» Given data:
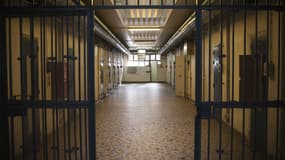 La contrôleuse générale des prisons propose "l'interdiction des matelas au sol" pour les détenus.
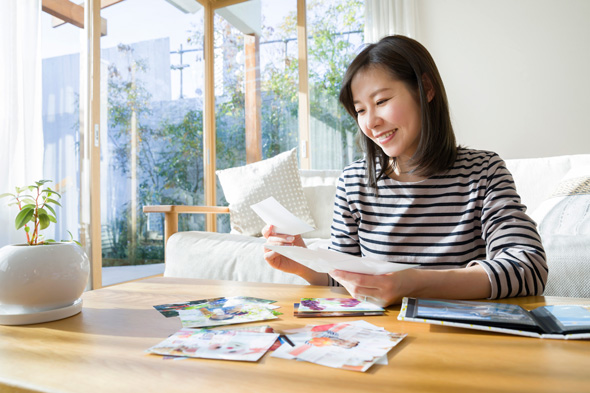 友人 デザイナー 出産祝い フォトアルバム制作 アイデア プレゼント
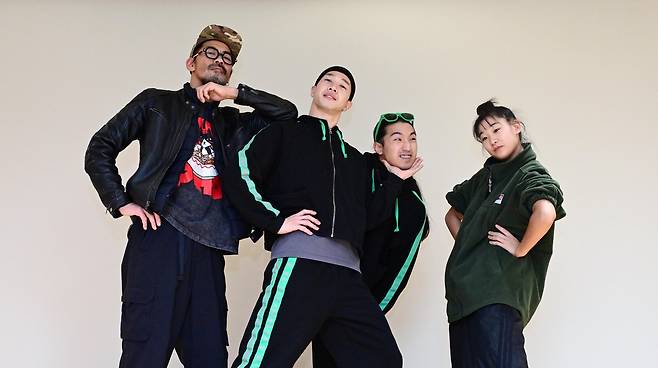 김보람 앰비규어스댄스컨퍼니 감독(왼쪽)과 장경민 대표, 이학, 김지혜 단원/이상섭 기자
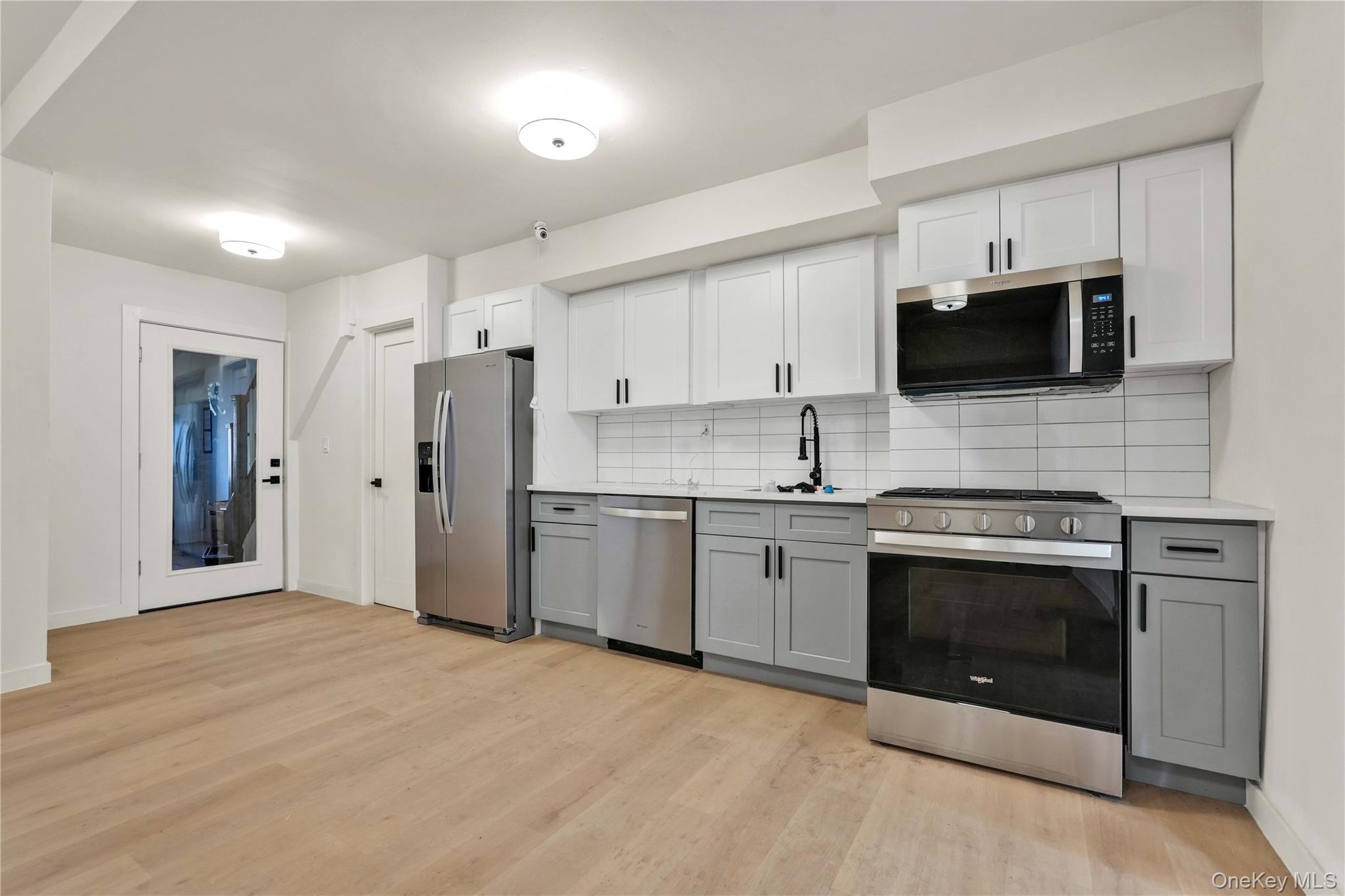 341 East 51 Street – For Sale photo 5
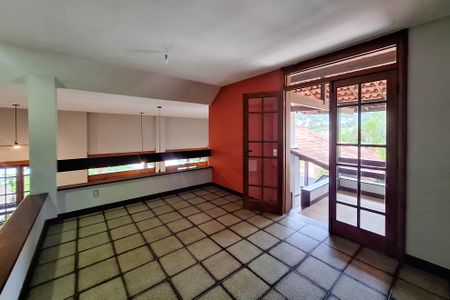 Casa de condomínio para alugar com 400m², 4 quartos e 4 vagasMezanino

---

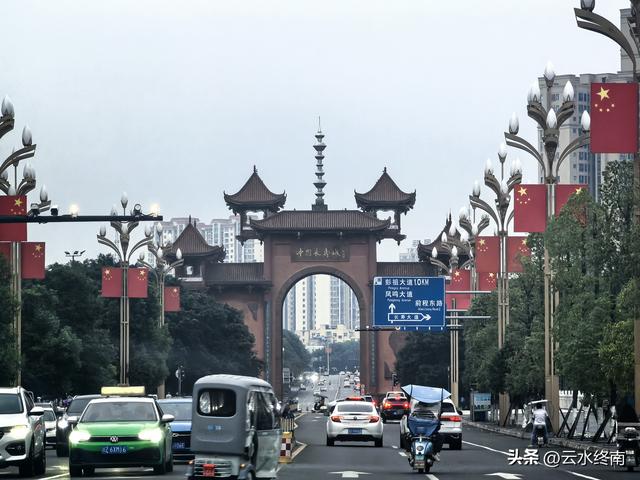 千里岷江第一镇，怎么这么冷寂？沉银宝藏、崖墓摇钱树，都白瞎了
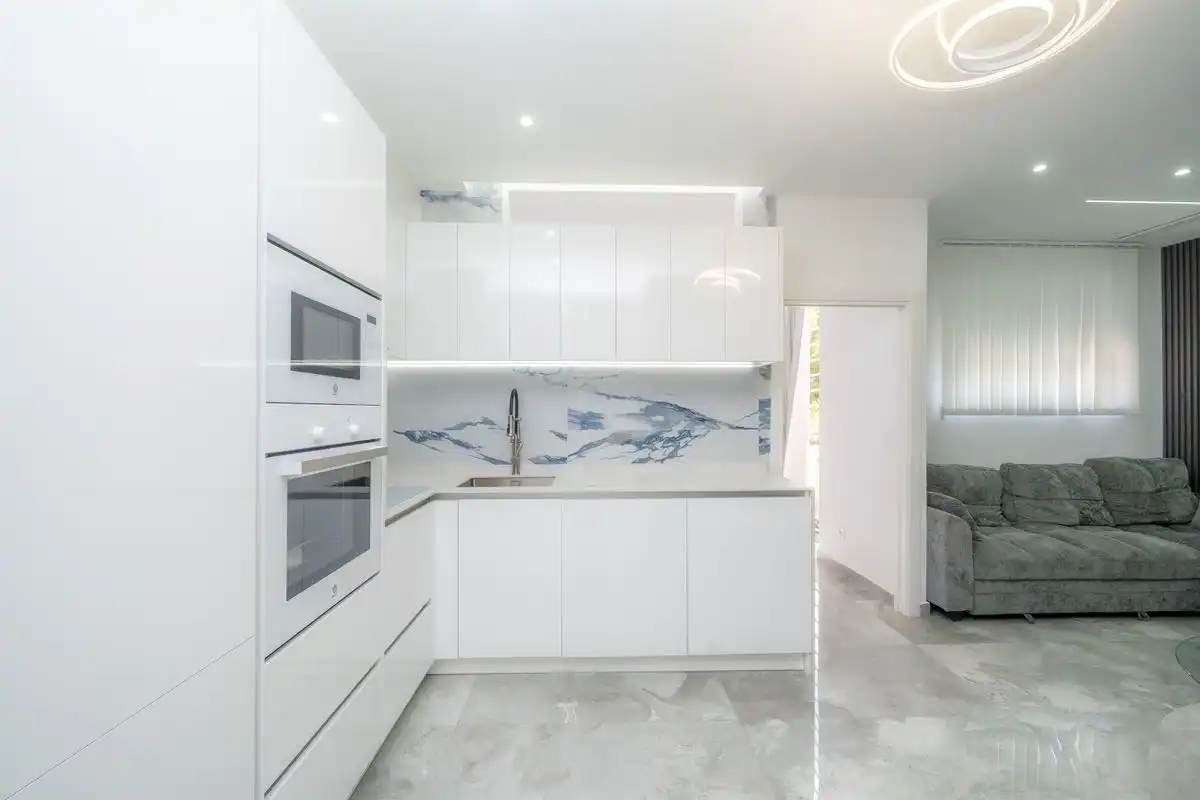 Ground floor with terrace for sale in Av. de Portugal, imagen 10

» Your assignment: What belongs in the answer is each line above from the line with "友人 デザイナー 出産祝い フォトアルバム制作 アイデア プレゼント" to the line with "Casa de condomínio", inclusive, reproduced exactly and free of pictures.

» Task solution:
 友人 デザイナー 出産祝い フォトアルバム制作 アイデア プレゼント
 김보람 앰비규어스댄스컨퍼니 감독(왼쪽)과 장경민 대표, 이학, 김지혜 단원/이상섭 기자
 341 East 51 Street – For Sale photo 5
 Casa de condomínio para alugar com 400m², 4 quartos e 4 vagasMezanino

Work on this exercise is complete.